Data extracts —
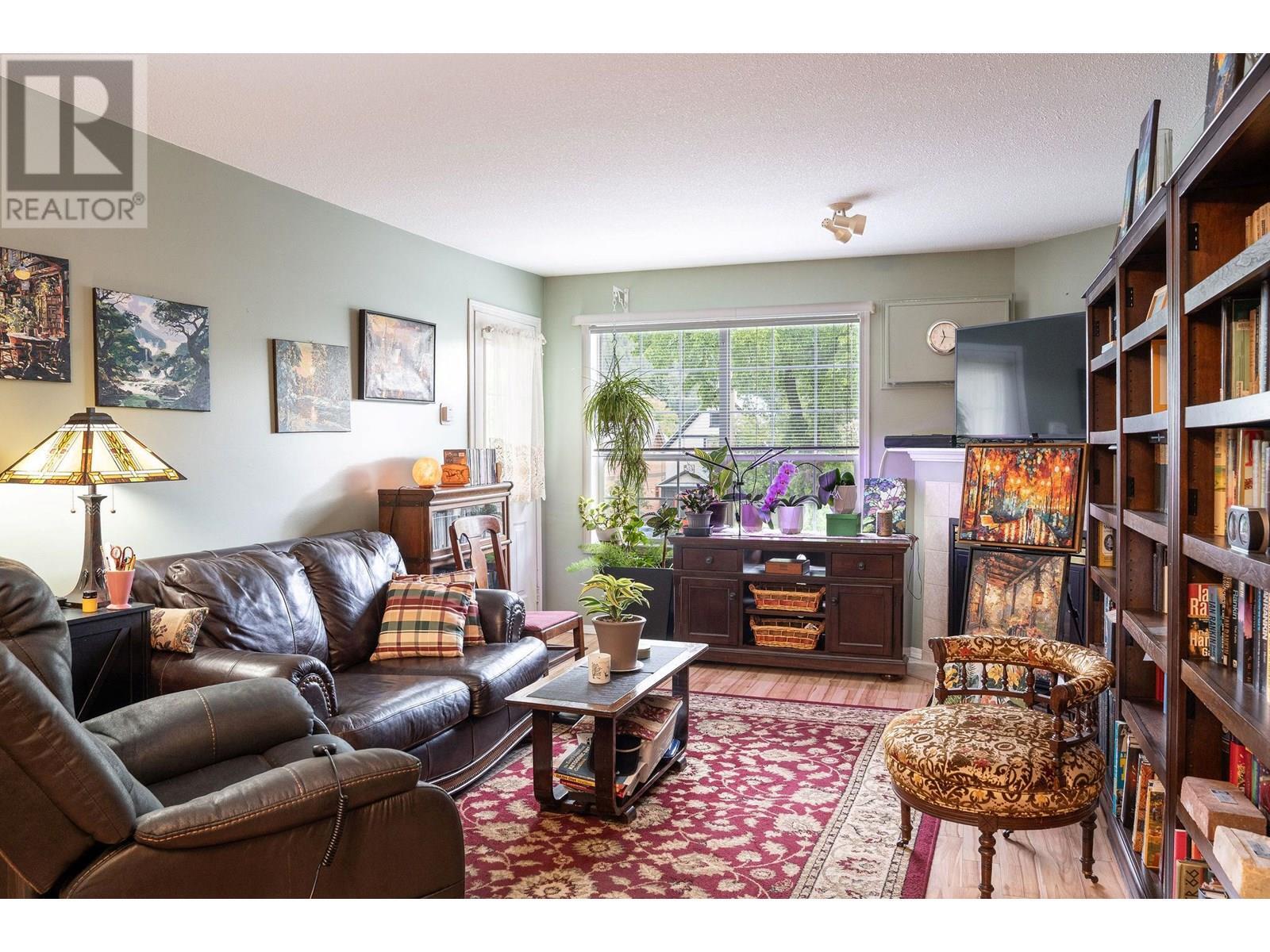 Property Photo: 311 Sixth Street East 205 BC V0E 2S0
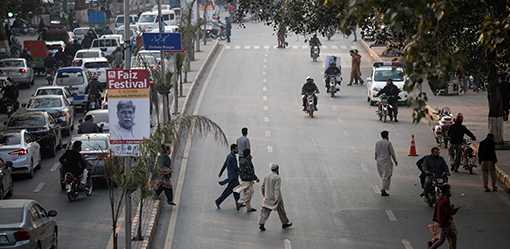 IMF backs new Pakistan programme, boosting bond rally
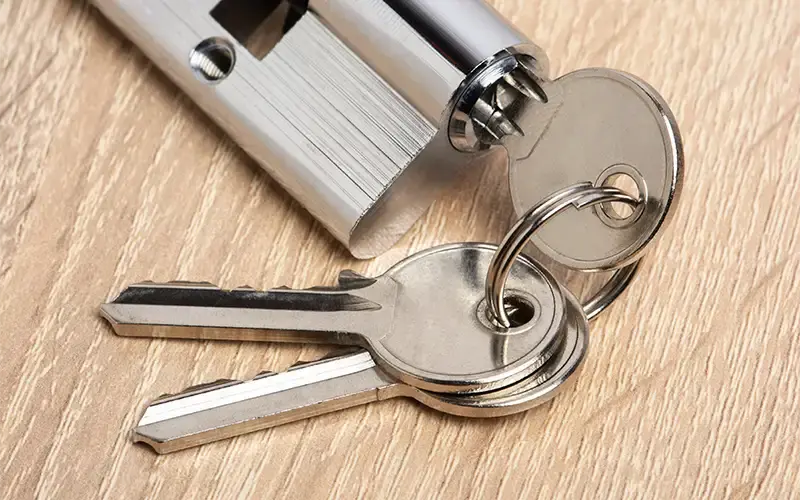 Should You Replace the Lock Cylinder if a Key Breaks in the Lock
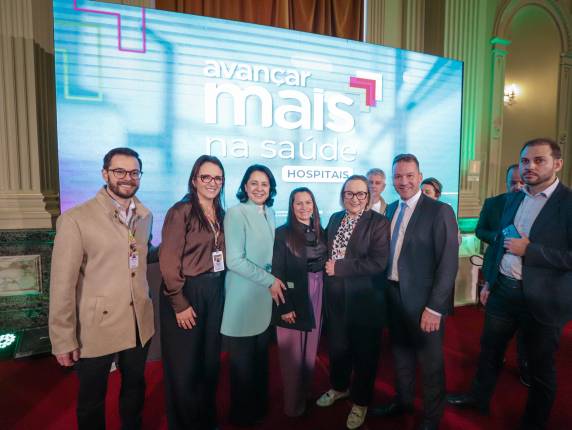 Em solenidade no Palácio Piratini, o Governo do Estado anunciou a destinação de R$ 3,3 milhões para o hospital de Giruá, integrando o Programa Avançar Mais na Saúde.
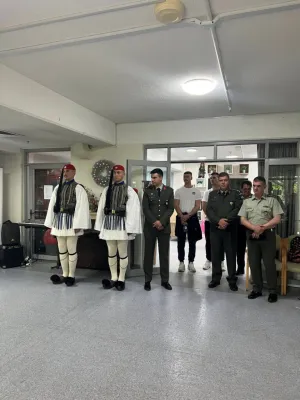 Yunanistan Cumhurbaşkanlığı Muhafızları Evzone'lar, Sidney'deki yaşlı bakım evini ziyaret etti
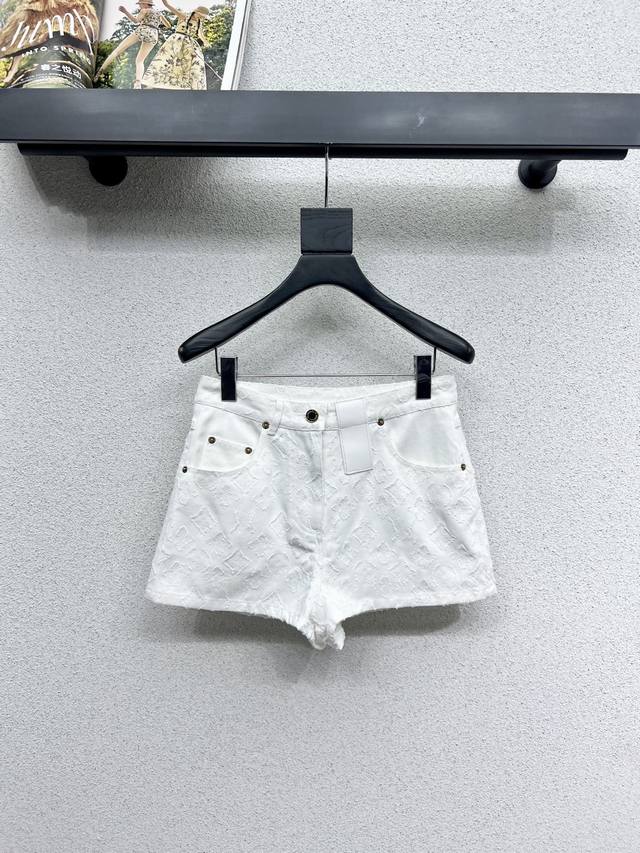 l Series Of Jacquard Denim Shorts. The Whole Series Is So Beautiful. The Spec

Task statement — Would you retype exactly the lines running from the line that contains "Yunanistan Cumhurbaşkanlığı Muhafızları" through the end of the listing above, both included? Skip every picture.

Your solution —
 Yunanistan Cumhurbaşkanlığı Muhafızları Evzone'lar, Sidney'deki yaşlı bakım evini ziyaret etti
 l Series Of Jacquard Denim Shorts. The Whole Series Is So Beautiful. The Spec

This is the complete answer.